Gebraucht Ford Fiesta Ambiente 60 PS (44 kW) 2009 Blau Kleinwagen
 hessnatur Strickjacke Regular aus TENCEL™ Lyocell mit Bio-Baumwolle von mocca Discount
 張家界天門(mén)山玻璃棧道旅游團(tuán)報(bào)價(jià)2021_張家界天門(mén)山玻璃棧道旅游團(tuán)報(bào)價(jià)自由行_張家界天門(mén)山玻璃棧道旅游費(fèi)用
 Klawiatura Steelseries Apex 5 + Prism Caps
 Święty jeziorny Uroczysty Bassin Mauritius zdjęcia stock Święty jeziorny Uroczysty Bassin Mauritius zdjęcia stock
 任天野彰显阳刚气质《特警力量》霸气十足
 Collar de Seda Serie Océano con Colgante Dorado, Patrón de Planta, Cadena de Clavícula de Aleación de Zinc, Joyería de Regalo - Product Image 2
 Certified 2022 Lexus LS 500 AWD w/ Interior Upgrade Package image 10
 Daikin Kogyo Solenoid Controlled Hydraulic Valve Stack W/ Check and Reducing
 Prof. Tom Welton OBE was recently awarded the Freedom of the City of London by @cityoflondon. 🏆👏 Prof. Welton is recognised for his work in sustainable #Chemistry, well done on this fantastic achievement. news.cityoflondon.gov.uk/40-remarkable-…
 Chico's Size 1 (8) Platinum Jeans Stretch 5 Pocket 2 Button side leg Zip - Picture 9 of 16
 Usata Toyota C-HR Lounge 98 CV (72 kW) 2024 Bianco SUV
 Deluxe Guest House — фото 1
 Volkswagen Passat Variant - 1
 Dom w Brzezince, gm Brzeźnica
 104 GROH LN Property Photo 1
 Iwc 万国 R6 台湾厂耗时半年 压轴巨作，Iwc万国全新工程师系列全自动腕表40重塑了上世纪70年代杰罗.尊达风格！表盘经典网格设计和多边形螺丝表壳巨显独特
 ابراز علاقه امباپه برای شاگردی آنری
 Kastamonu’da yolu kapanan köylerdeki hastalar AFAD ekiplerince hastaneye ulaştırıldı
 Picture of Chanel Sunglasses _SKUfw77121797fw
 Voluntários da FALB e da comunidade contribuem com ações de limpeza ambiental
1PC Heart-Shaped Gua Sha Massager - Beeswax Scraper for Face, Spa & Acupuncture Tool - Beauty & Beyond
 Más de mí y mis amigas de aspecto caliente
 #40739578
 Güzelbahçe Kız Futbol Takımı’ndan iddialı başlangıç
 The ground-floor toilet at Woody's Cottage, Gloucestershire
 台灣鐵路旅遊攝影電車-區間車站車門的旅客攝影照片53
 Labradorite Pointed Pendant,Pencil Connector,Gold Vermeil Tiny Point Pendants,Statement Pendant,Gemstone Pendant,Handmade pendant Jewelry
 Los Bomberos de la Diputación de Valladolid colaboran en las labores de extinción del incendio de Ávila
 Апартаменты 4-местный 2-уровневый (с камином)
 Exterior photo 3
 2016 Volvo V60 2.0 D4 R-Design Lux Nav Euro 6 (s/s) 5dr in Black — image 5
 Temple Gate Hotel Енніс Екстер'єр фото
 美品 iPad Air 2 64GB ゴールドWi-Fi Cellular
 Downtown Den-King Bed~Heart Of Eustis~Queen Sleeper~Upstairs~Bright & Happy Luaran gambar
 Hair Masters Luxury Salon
§ §
* **How to complete this task**:
Your task is to reproduce exactly the lines from the one with "Exterior photo 3" through the end of the listing. Both ends belong in the answer.

* **Output**:
 Exterior photo 3
 2016 Volvo V60 2.0 D4 R-Design Lux Nav Euro 6 (s/s) 5dr in Black — image 5
 Temple Gate Hotel Енніс Екстер'єр фото
 美品 iPad Air 2 64GB ゴールドWi-Fi Cellular
 Downtown Den-King Bed~Heart Of Eustis~Queen Sleeper~Upstairs~Bright & Happy Luaran gambar
 Hair Masters Luxury Salon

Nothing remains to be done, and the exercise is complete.